The adventure to (and from) Trevi Fountain
In 2010, my wife and I worked for one of the major cruise lines. We signed off the ship we were working on in the morning in Rome, Italy but our flights weren’t until the following morning. So, after dropping off luggage at our airport hotel, we spent the day exploring Rome. After sightseeing all day, we had some dinner, then returned to see a few of the sights at night. The last of these was Trevi Fountain. We took the metro to the stop nearest Trevi Fountain on the line coming from near the Colosseum, thinking it would be easy to find from there but we were wrong. Eventually my wife used her limited Italian language skills to ask someone how to get to Trevi Fountain and we were on our way. But it was late, around 10:30pm and the final train leaving Roma Termini to get back to our hotel by the airport departed before midnight. This was before Google Maps and cell phones with GPS were common, so we had no idea whether we were 10 minutes or an hour away and no clue of how to get there other than retracing our steps to the metro station we had come from.
My wife looked at the fountain for about a minute then started walking back towards the metro station. I spent a couple minutes taking photos then ran after her. Our timing was not good, we just missed the train we needed at the metro station and had to wait 10-15 minutes for the next one, time we didn’t have to spare. We arrived at the Termini metro station which is connected to Roma Termini a little over 5 minutes before our train was supposed to depart and realized how incredibly massive the train station is. As we ran towards the platform our train was leaving from (conveniently as far away from where we were coming from as possible), we heard an announcement in Italian, not knowing what the announcement was but knowing just enough Italian to know it was about our train and assuming the announcement was that the train was about to depart.

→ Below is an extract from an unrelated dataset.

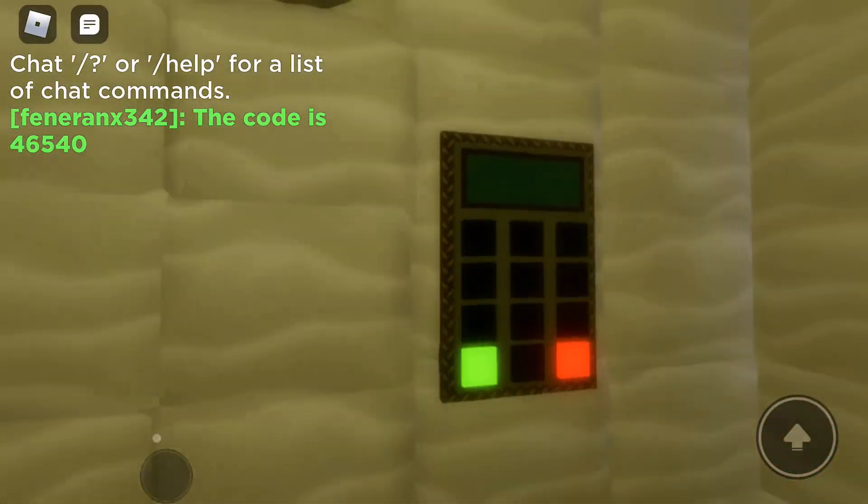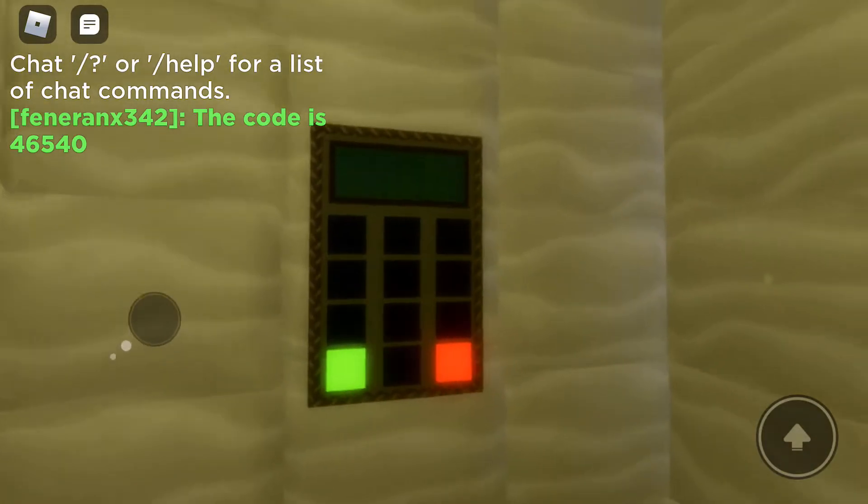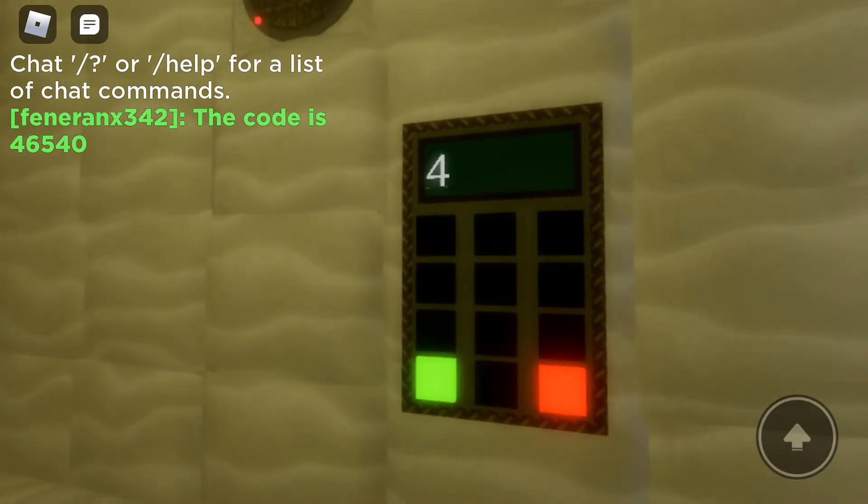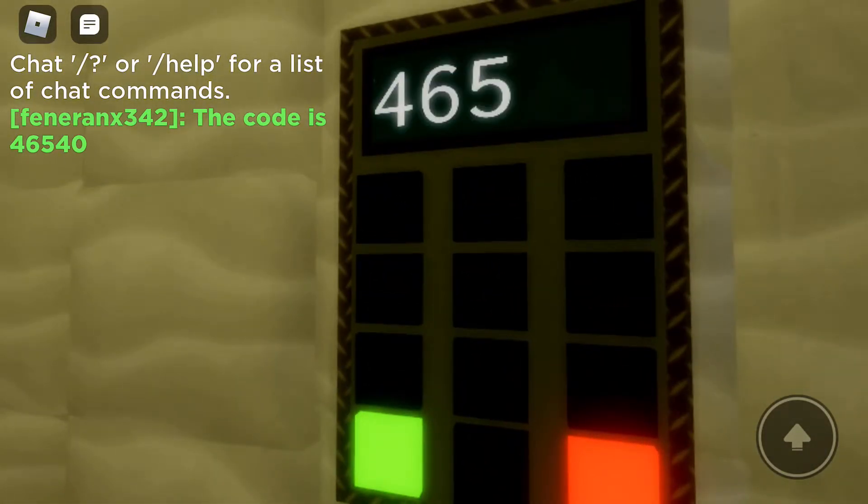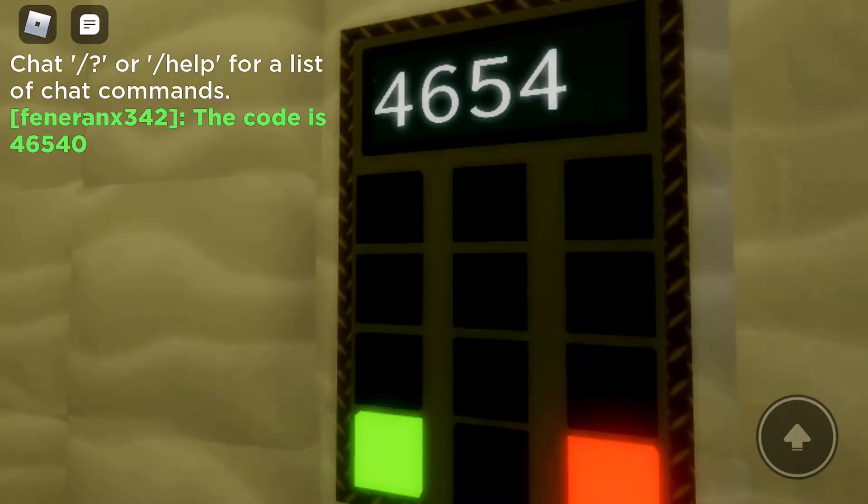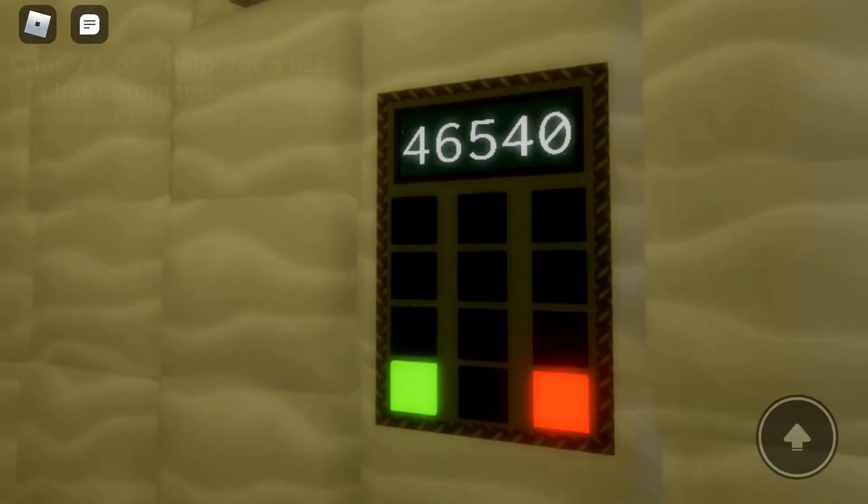Okay, so first I type in the code. Six, five, four, and then zero.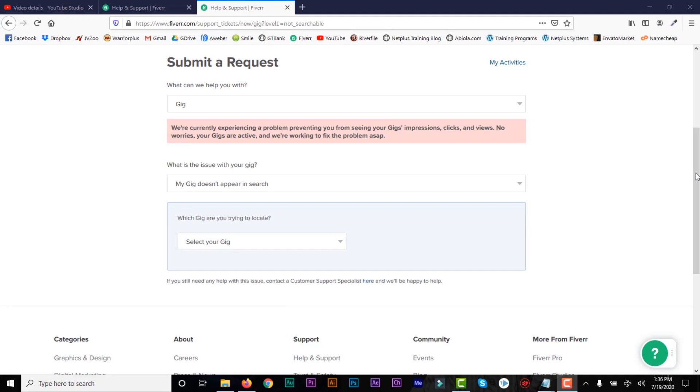So if you're having this problem, this is the solution. All you need to do is go to this URL fiverr.com/support_tickets/new/gig. I'll put the link in the description so you can click on the link and then you'll be here.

Our run turned into a sprint, believing we had seconds, not minutes before the train would pull away. I made it to the train first and jumped on, looking back as she continued to run towards the train, still not confident she would make it before the train started moving. Fortunately, she did, and we had a seat on the mostly empty train and caught our breath. It turned out that the train departed several minutes late. We chatted with one of the few people seated near us as we waited for the train to depart. He was from New York and had come to Italy to visit a woman he had met online. She lived a couple hours from Rome and he had flown from New York to Rome but somehow didn’t see any of the sights in Rome which I found a little strange, but to each their own.